------ INFORMATION GIVEN

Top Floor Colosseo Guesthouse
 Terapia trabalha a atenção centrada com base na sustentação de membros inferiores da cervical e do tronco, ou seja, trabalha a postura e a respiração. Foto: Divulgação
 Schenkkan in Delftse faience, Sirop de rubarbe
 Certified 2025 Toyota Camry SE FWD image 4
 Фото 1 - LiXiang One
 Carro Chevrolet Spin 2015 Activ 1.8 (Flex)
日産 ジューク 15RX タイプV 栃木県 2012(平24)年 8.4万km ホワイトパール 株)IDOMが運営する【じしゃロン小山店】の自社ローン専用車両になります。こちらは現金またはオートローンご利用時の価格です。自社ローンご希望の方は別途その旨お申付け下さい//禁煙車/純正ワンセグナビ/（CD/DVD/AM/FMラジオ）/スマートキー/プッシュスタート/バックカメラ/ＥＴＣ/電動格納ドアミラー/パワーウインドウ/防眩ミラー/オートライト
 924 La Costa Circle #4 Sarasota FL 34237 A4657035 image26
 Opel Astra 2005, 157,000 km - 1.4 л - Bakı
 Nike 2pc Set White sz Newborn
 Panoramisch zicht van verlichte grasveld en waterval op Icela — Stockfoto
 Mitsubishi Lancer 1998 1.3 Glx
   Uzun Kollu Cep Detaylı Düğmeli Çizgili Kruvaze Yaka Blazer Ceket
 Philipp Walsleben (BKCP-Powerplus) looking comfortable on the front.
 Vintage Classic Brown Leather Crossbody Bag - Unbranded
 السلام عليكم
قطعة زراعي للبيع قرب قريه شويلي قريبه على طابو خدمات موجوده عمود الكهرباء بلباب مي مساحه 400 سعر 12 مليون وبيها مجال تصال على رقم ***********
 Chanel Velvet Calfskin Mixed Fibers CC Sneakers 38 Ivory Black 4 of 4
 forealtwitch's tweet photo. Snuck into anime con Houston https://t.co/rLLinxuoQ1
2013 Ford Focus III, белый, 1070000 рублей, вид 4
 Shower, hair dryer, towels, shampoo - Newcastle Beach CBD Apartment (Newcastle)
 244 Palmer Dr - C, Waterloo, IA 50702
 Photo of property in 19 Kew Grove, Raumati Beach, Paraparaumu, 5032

------------

EXERCISE
Using the exact wording, transcribe all the records above.

ANSWER TO THE EXERCISE
Top Floor Colosseo Guesthouse
 Terapia trabalha a atenção centrada com base na sustentação de membros inferiores da cervical e do tronco, ou seja, trabalha a postura e a respiração. Foto: Divulgação
 Schenkkan in Delftse faience, Sirop de rubarbe
 Certified 2025 Toyota Camry SE FWD image 4
 Фото 1 - LiXiang One
 Carro Chevrolet Spin 2015 Activ 1.8 (Flex)
日産 ジューク 15RX タイプV 栃木県 2012(平24)年 8.4万km ホワイトパール 株)IDOMが運営する【じしゃロン小山店】の自社ローン専用車両になります。こちらは現金またはオートローンご利用時の価格です。自社ローンご希望の方は別途その旨お申付け下さい//禁煙車/純正ワンセグナビ/（CD/DVD/AM/FMラジオ）/スマートキー/プッシュスタート/バックカメラ/ＥＴＣ/電動格納ドアミラー/パワーウインドウ/防眩ミラー/オートライト
 924 La Costa Circle #4 Sarasota FL 34237 A4657035 image26
 Opel Astra 2005, 157,000 km - 1.4 л - Bakı
 Nike 2pc Set White sz Newborn
 Panoramisch zicht van verlichte grasveld en waterval op Icela — Stockfoto
 Mitsubishi Lancer 1998 1.3 Glx
   Uzun Kollu Cep Detaylı Düğmeli Çizgili Kruvaze Yaka Blazer Ceket
 Philipp Walsleben (BKCP-Powerplus) looking comfortable on the front.
 Vintage Classic Brown Leather Crossbody Bag - Unbranded
 السلام عليكم
قطعة زراعي للبيع قرب قريه شويلي قريبه على طابو خدمات موجوده عمود الكهرباء بلباب مي مساحه 400 سعر 12 مليون وبيها مجال تصال على رقم ***********
 Chanel Velvet Calfskin Mixed Fibers CC Sneakers 38 Ivory Black 4 of 4
 forealtwitch's tweet photo. Snuck into anime con Houston https://t.co/rLLinxuoQ1
2013 Ford Focus III, белый, 1070000 рублей, вид 4
 Shower, hair dryer, towels, shampoo - Newcastle Beach CBD Apartment (Newcastle)
 244 Palmer Dr - C, Waterloo, IA 50702
 Photo of property in 19 Kew Grove, Raumati Beach, Paraparaumu, 5032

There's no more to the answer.